Álex (nombre ficticio) tenía 40 años cuando su esposa comenzó a notar que gastaba cada vez más tiempo visitando sitios de internet dedicados a la pornografía infantil. También se involucró con una prostituta muy joven en una casa de masajes, antojo que nunca antes le había pasado por la cabeza. Meses más tarde, Álex comenzó a sentir fuertes dolores de cabeza; los médicos ordenaron una escanografía, que reveló un inmenso tumor cerebral. Después de removido, los impulsos pedófilos de Álex desaparecieron como por encanto. Álex nos da una lección clara: el comportamiento de una persona no debe independizarse de su biología.
El noruego Anders Breivik detonó una bomba en el centro de Oslo, con un saldo de ocho muertos; después masacró a 66 jóvenes en un campamento de verano. Se sabe que planeó durante dos años su crimen, a sangre fría, con detalles minuciosos. Anders, además, se siente un mesías destinado a cumplir una misión importante sobre la Tierra. ¿Qué diablos se esconden en su cerebro, entonces? En este momento, valdría la pena someterlo a exámenes rigurosos. Quizás una resonancia magnética nos muestre qué bicho raro anda enredado en sus redes neuronales. Porque normal no puede ser, es obvio. ¿Podría uno, acaso, cometer semejante masacre y no sentir remordimientos, ni la menor tristeza al observar el inmenso dolor de las familias afectadas?
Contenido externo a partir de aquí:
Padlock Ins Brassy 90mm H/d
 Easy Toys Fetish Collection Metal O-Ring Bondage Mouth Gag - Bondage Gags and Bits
En suma, la experiencia ha demostrado que cuando existe disfunción cerebral, ni la voluntad más férrea ni la educación más esmerada pueden dominar las tendencias anómalas del sujeto. Los casos citados, apenas una muestra, podrían emplearse como argumentos sólidos para modificar la definición de “persona razonable”. Nos demuestran que las conductas dependen, muchas veces, del estado de esa enigmática red de materia pensante y del coctel de neuroquímicos que la bañan.
Entonces, ¿cómo determinar la culpabilidad? Nos parece, equivocadamente, que basta juzgar los actos del individuo, sin averiguar qué se cuece en sus neuronas, sin penetrar en su Yo, sin conocer el estado mental en el momento del delito. Los jueces dan una mirada cuidadosa a la conducta del sujeto sin saber qué demonios está pasando por dentro de su cráneo, y con esta superficialidad pretenden entender lo que ocurre en sus profundidades. Luego se lo juzga y condena.